• EXERCISE PROMPT:
No pictures go in the copy. Restate, word for word, each line from the one containing "abstract kleurrijk achtergrond" through the last line below.

• DATASET RECORDS:
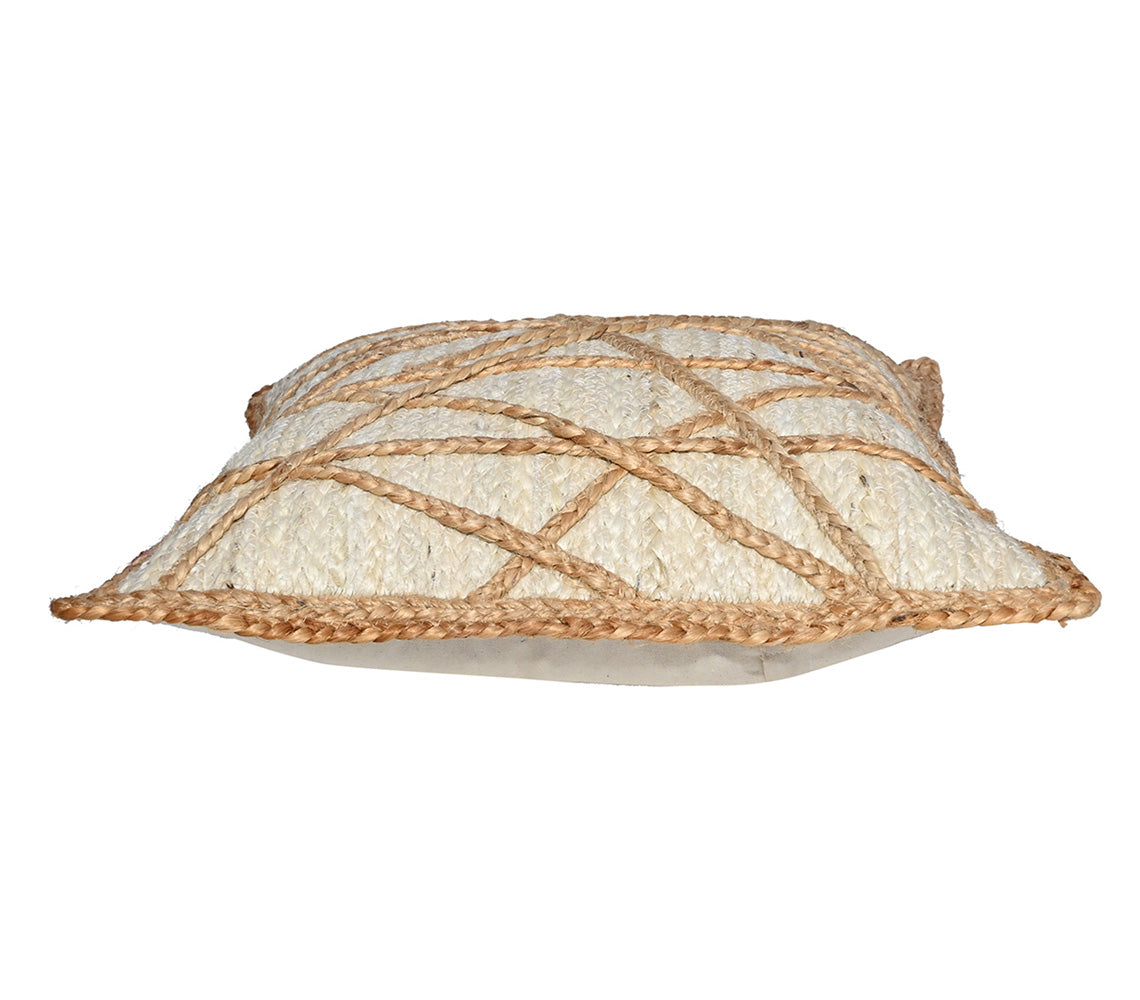 Mesh Beige Toned Jute Cushion, 45x45 cm. - DECOR PETIT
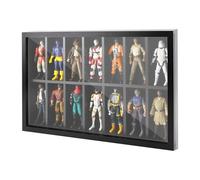 Wooden 3.75 inch Figure Collectors Showcase, Display Frame Case for Action Figures Collectibles, Compatible with Star was/ Gi Jeo Classified Series, 14.8" L * 1.65" W * 9.4"
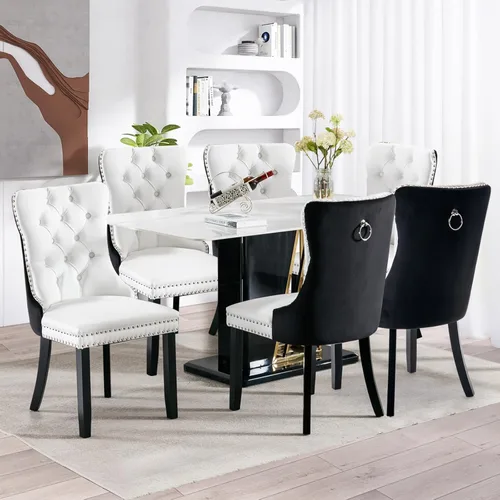 Miniatura 52 de SoarFlash Juego de 2 sillas de comedor de tela de lino, sillas de comedor tapizadas con ribete de cabeza de clavo y patas de madera de color claro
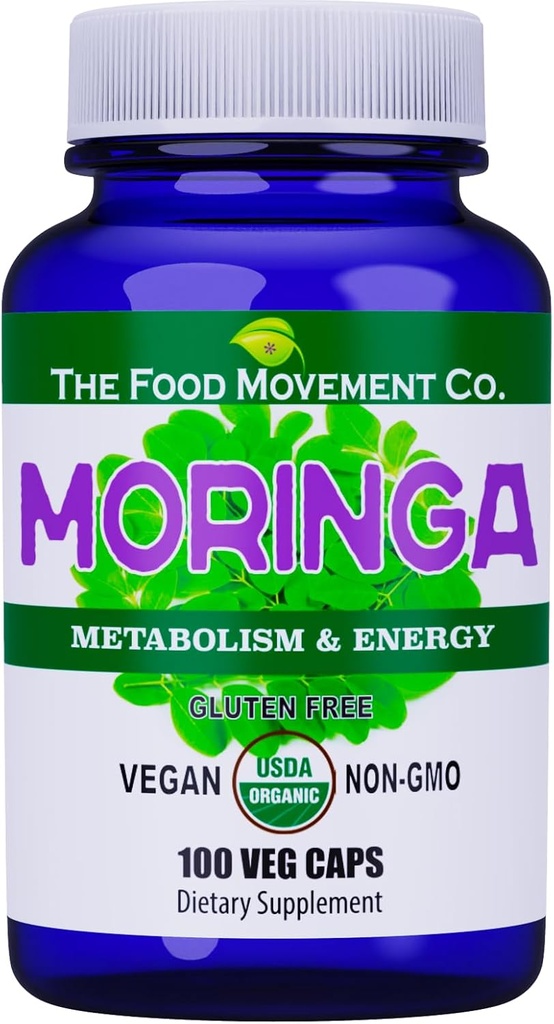 Food Movement CO. Moringa - Certified Organic Superfood, All Body Wellness, Natural Energy Support, Podporuje zdravý metabolismus - 100 Vegan Kapsle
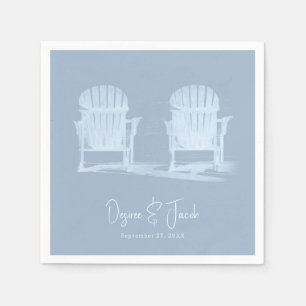 Serviette En Papier Adirondack Chaises De Plage Dusty Bleu Blanc Maria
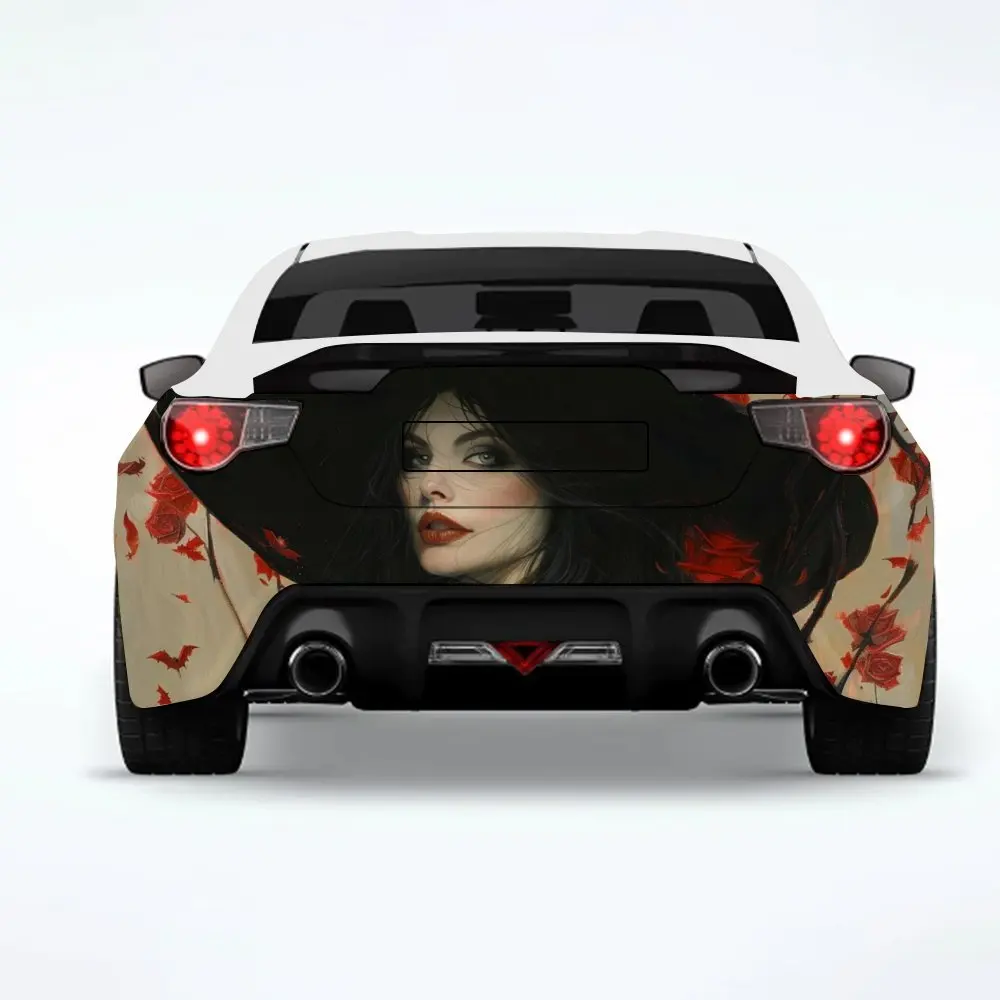 

Witch_with_Red_Roses Автомобильная наклейка-виниловая наклейка на заднюю часть автомобиля, водонепроницаемые самоклеящиеся виниловые наклейки для хвоста и бампера автомобиля, De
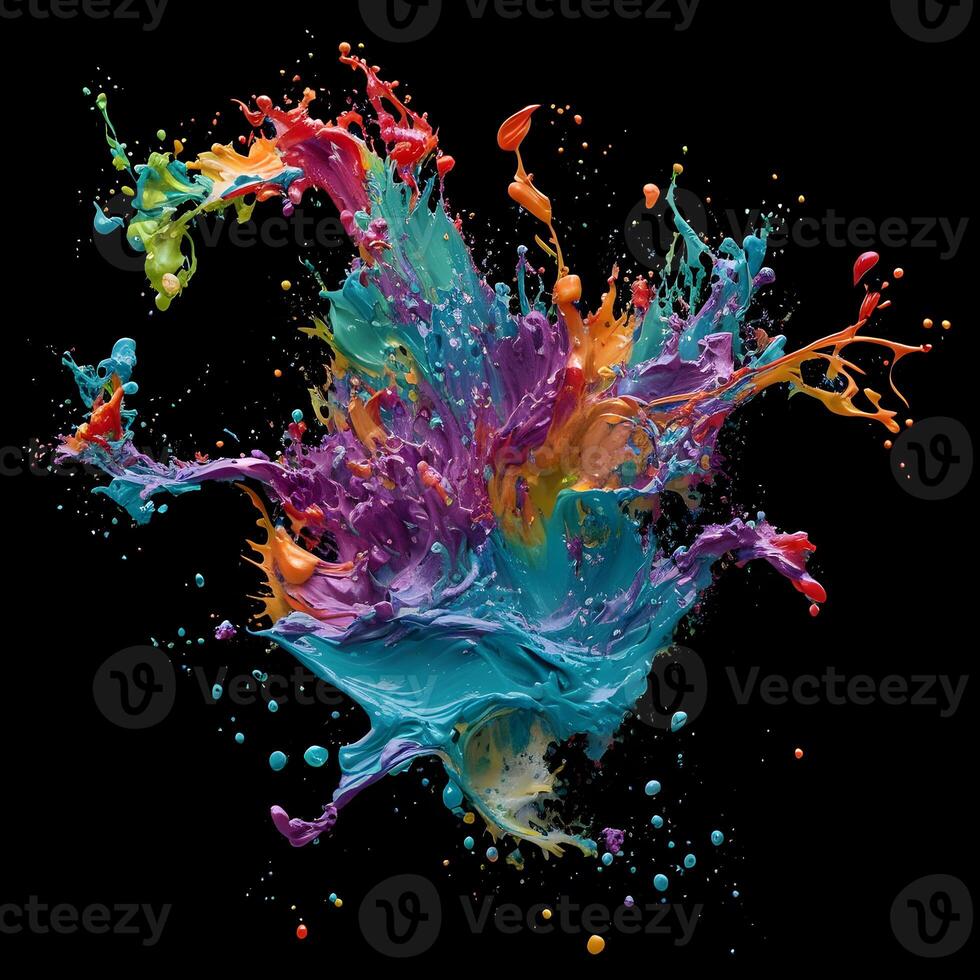 abstract kleurrijk achtergrond met spatten abstract fractal achtergrond, generatief ai foto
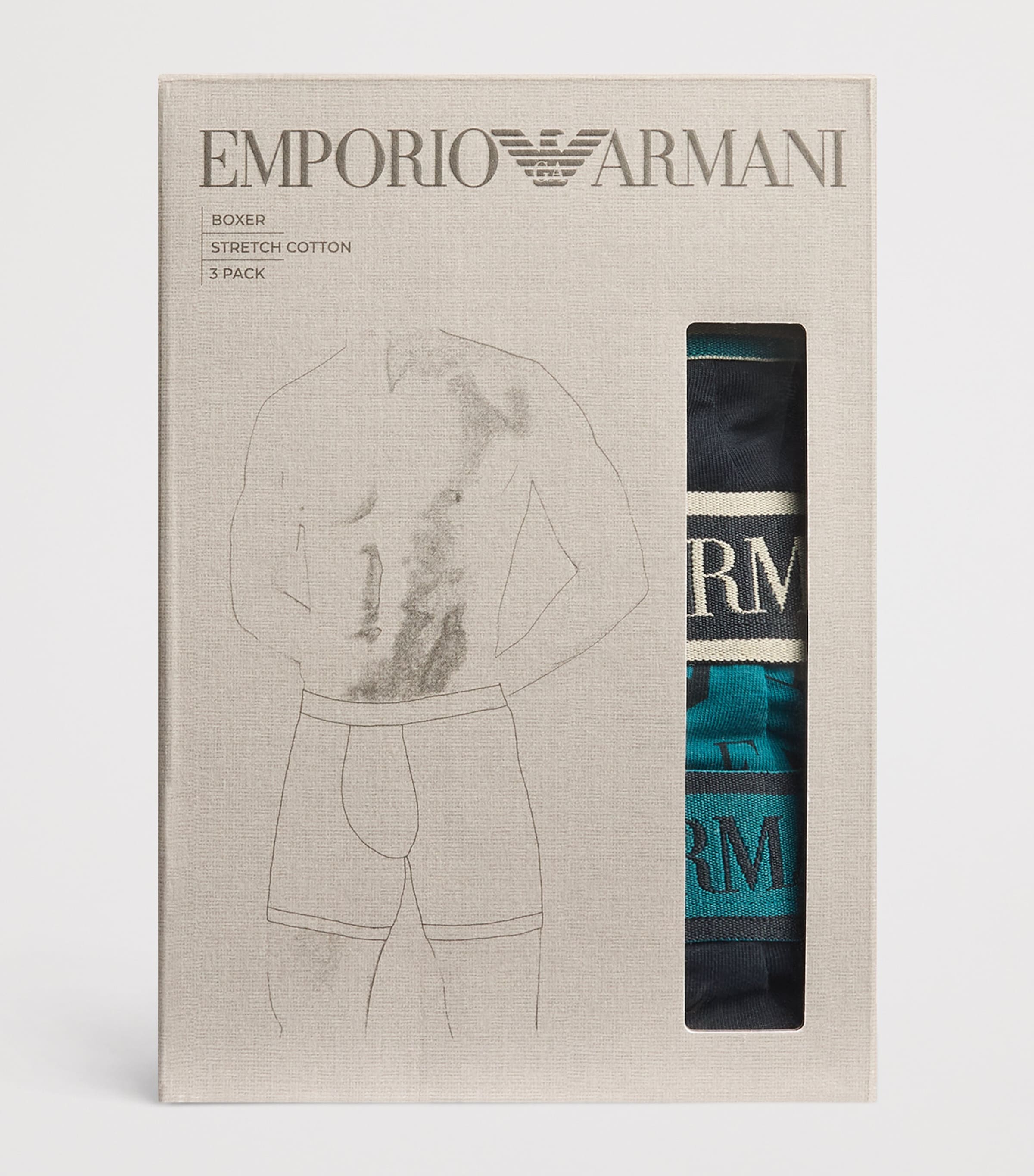 Emporio Armani Mens Stretch-Cotton Logo Boxer Briefs (Pack of 3) Blu/octan Image 4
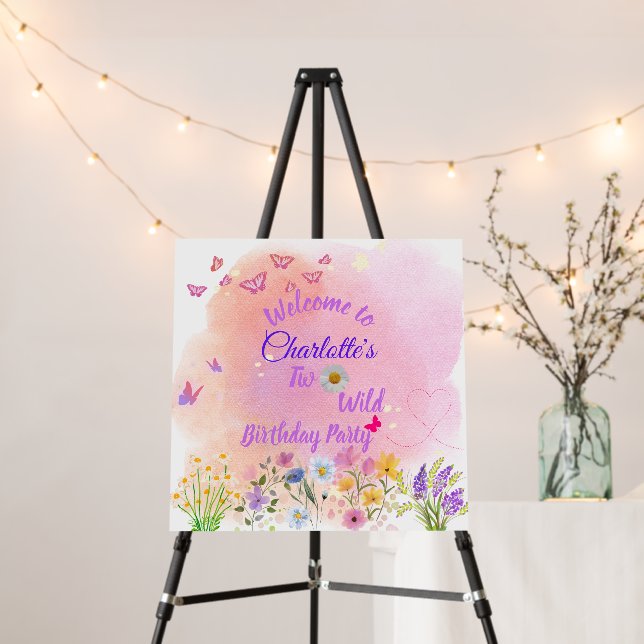 "Two Wild" 2nd Birthday Party Welcome Sign (In Situ (Stand))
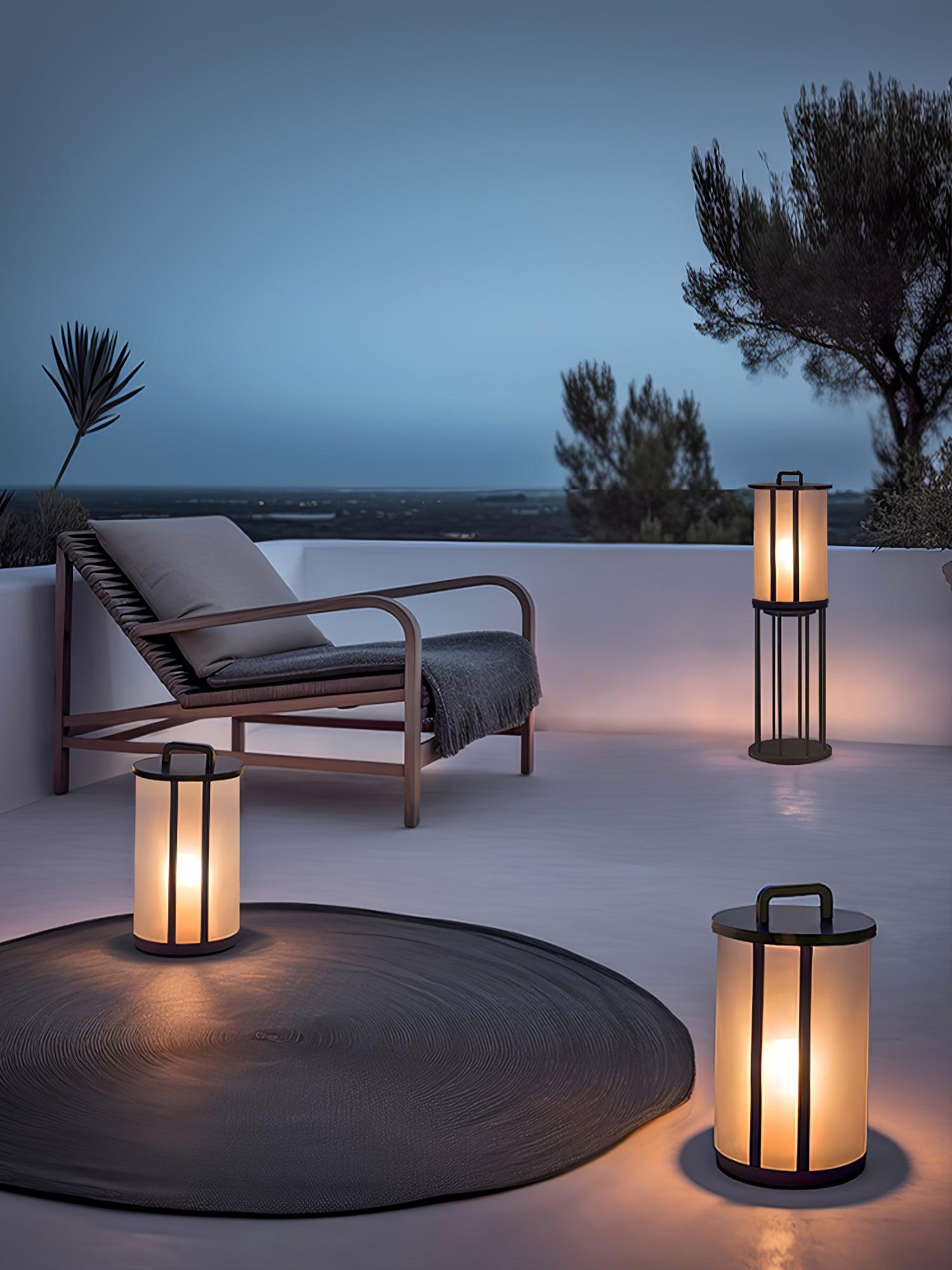 Round Pillar Acrylic Lantern Outdoor Lamp - Lumpaz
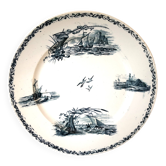 Plat de service rond ,terre de fer, Creil et Monterau , blanc et bleu marin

• TASK OUTPUT:
 abstract kleurrijk achtergrond met spatten abstract fractal achtergrond, generatief ai foto
 Emporio Armani Mens Stretch-Cotton Logo Boxer Briefs (Pack of 3) Blu/octan Image 4
 "Two Wild" 2nd Birthday Party Welcome Sign (In Situ (Stand))
 Round Pillar Acrylic Lantern Outdoor Lamp - Lumpaz
 Plat de service rond ,terre de fer, Creil et Monterau , blanc et bleu marin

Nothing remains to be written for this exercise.